À l'instar du 'Comité budgétaire européen' (EUROPE 13665/27), l'Eurogroupe a estimé, lundi 7 juillet, qu'en 2026, l'orientation budgétaire au niveau de la zone euro devrait être restrictive si l'on exclut une augmentation des dépenses nationales dans le secteur de la défense.
« En excluant l'augmentation des dépenses de défense, les restrictions budgétaires restent appropriées. Nous prévoyons une orientation budgétaire globalement neutre dans la zone euro en 2026, ce qui semble globalement approprié dans l'environnement économique actuel », déclarent les vingt ministres des Finances dans leur déclaration.
Cette position ne tient pas compte du programme budgétaire pluriannuel de l'Allemagne à moyen terme, qui prévoira une forte augmentation des dépenses militaires nationales et que Berlin présentera fin juillet.

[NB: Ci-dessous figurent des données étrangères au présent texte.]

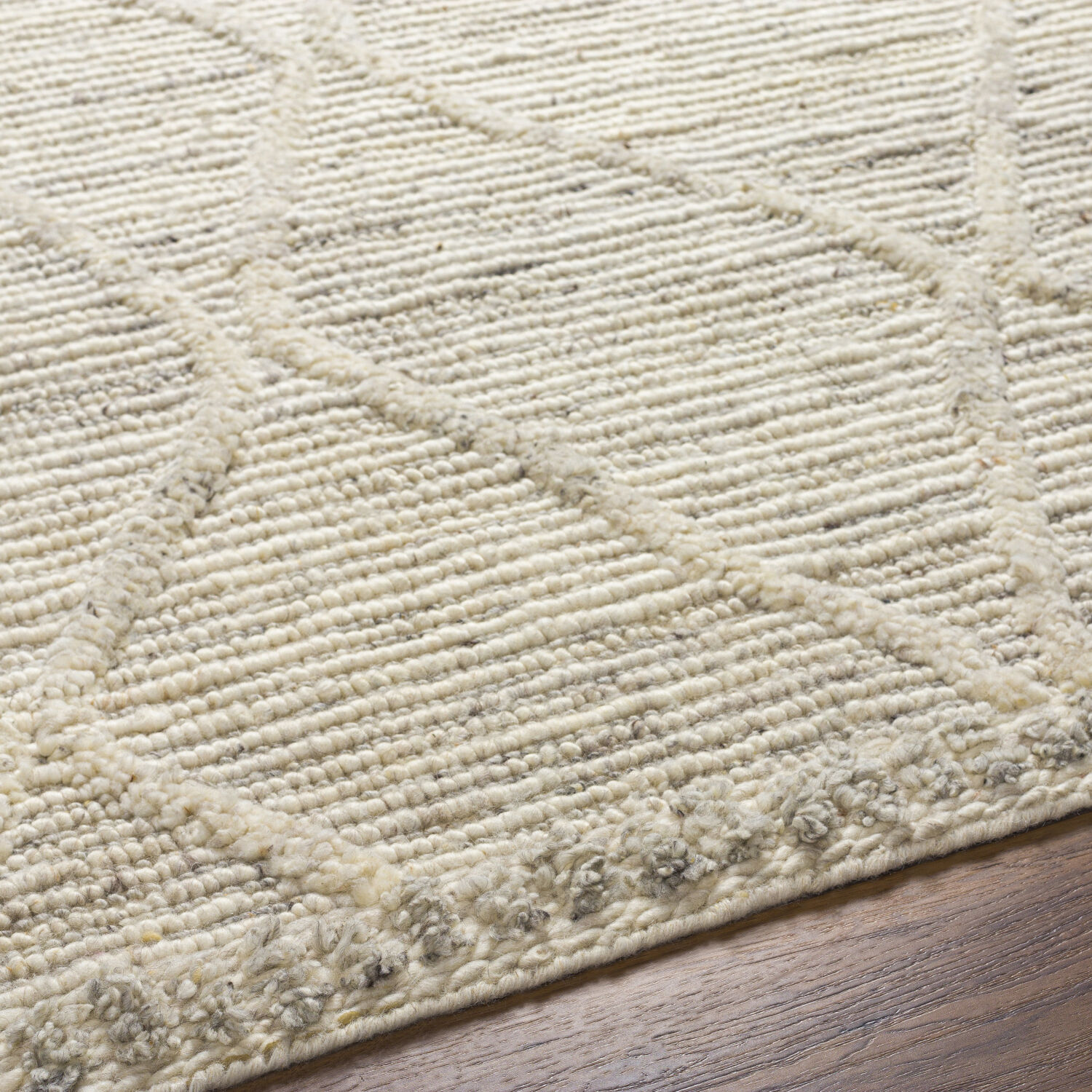 Manisa 96 X 30 inch Cream Rug, Runner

Évoquant l'activation, par onze pays de la zone euro (sur quinze États membres au total), de la clause dérogatoire nationale du Pacte de stabilité et de croissance, l'Eurogroupe souligne l'importance de mettre en œuvre cette clause de « façon prudente », de manière à maintenir des finances publiques soutenables à moyen terme. Cette clause étant activée pour quatre ans à ce stade, il s'engage à travailler à « une repriorisation graduelle des budgets nationaux » pour tenir compte de l'augmentation des dépenses militaires, tout en continuant à « relever les autres défis structurels et sociaux ».
Concernant la croissance, les ministres s'attendent à une création modérée de richesses en 2025, mais qui devrait s'accélérer en 2026, poussée par la hausse des revenus des ménages et malgré les tensions commerciales internationales. Les risques à la baisse demeurent néanmoins majoritaires, admettent-ils.
L'Eurogroupe réexaminera en décembre l'orientation budgétaire de l'Eurozone.